Neither Norton nor Nagel plays Jackson but their characters are also historical figures whose impacts are up for interpretation.

“I play President James Monroe, who was the president directly before John Quincy Adams who was directly before Andrew Jackson,” Norton said. “I play the president in the early part of Jackson’s life right when he first gets to Washington and gets what Washington is all about. The founding fathers appear together throughout the show and kind of play this lager-than-life kind of foppish boy-band collection together.”

Nagel plays Henry Clay.

“He was a senator from Kentucky who ran for president against Andrew Jackson,” Nagel explained. “He’s described as a greasy corpse-like backwoods creep when in reality he was a great politician. In the show, they pander to the idea of rock stars having other rock stars trying to be just as good as them. All of these other politicians that were running against him at the time are painted in this really strange villainous light, which is a lot of fun to play with. Henry Clay weaseled his way into the position of Secretary of State. So I kind of portray him as a weasel and a snake. It’s a lot of fun.”

And when fun and history occupy the same creative space, chances are that someone will get uptight about it, especially if there is any irreverent bombast to it.

Both Norton and Nagel said the show has generated some controversy but that its heart is in the right place. “I know there have been issues in the past with Native American groups who thought the show was a little less than sensitive,” Norton said. “I think the way Native Americans are represented in the show is beautiful. It isn’t saccharine and it certainly isn’t appropriate, but none of the show is very appropriate. But it does handle it with a larger sense of responsibility that some of the other issues in the show. The Native Americans are always present and they have actual voices, and the play involves Andrew Jackson and an Indian chief discussing the forthcoming trail of tears. And by the end of the play you are devastated that this politician you love is responsible for killing thousands and thousands of people. I think we’ve been handling it with a lot of responsibility.”

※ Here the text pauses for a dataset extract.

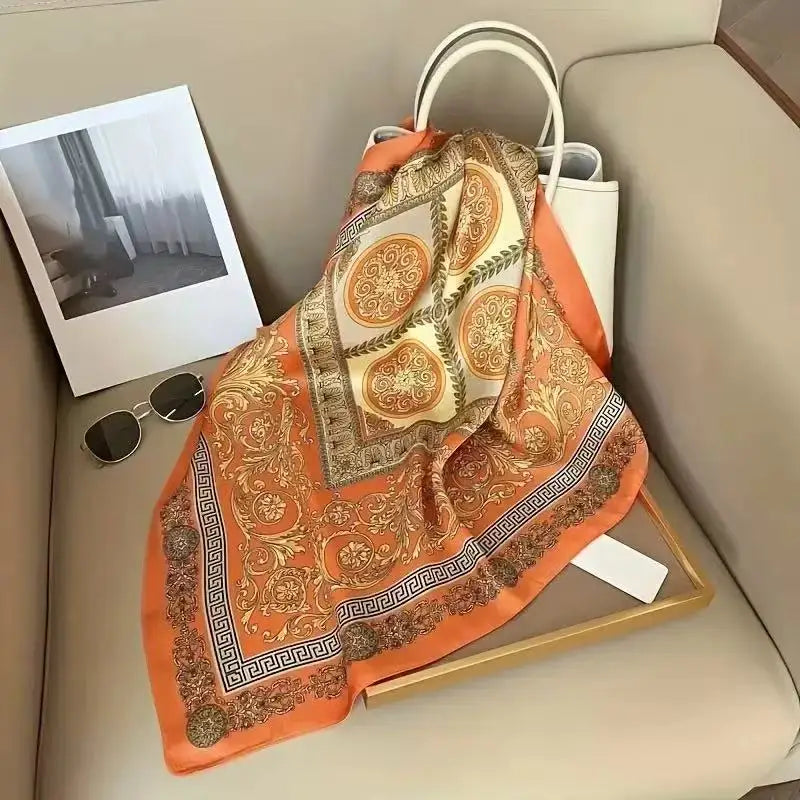 Silky 68x68cm Square Scarf – Stylish & Soft, Multipurpose Head Cover & Elegant Neck Wrap Stylish Print, Silky Soft & Versatile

“It’s very campy and very out there, all the while still staying true to Jackson’s story,” Nagel added. “And I don’t think it leans either way, liberal or conservative. It just paints a picture of this man and allows the audience to create an opinion from there and asks the question, Was he a great president? Was he a great person? Was he a terrible human being? It just puts it all out on the table, tells a story, and from there you can decide for yourself.”

Both actors agreed that audiences should be able to see parallels between the politics around the seventh presidential election and the politics of today.

“If you look at the election process in the 1820s and the election we just witnessed this year, they are strikingly similar,” Nagel said. “There are politicians tossing around jabs and insults just as freely as they do now, if not more so. Andrew Jackson’s popularity among the American people is not unlike Obama’s popularity now. Even though the show was written during George W. Bush’s presidency, I think it still rings true, more so now during Obama’s presidency. Parts of our show are so current to the political climate today.”

“The first song of the show is called ‘Populism, Yea! Yea!,” Norton added. “It’s all about the will of the people and how Jackson really did succeed by trying to connect with the common man. He was the president that everyone said they’d most like to have a beer with. The feel of Andrew Jackson is a more Obama-type feel. There’s a fervor to him among the common people and non-elite of the country.”

Norton also said that, like today’s political climate, the show should be electrifying to audiences.

“That’s going to be one of the exciting parts,” he said. “I wouldn’t say there’s a lot of audience interaction but we play a lot to the audience. We speak a lot to them. There’s a lot of action that wants to leap out. There’s a lot of gun work in the show and during the last number, we point those guns out to the top of the house. The audience is going to be very much drawn into the show. It’s very active.”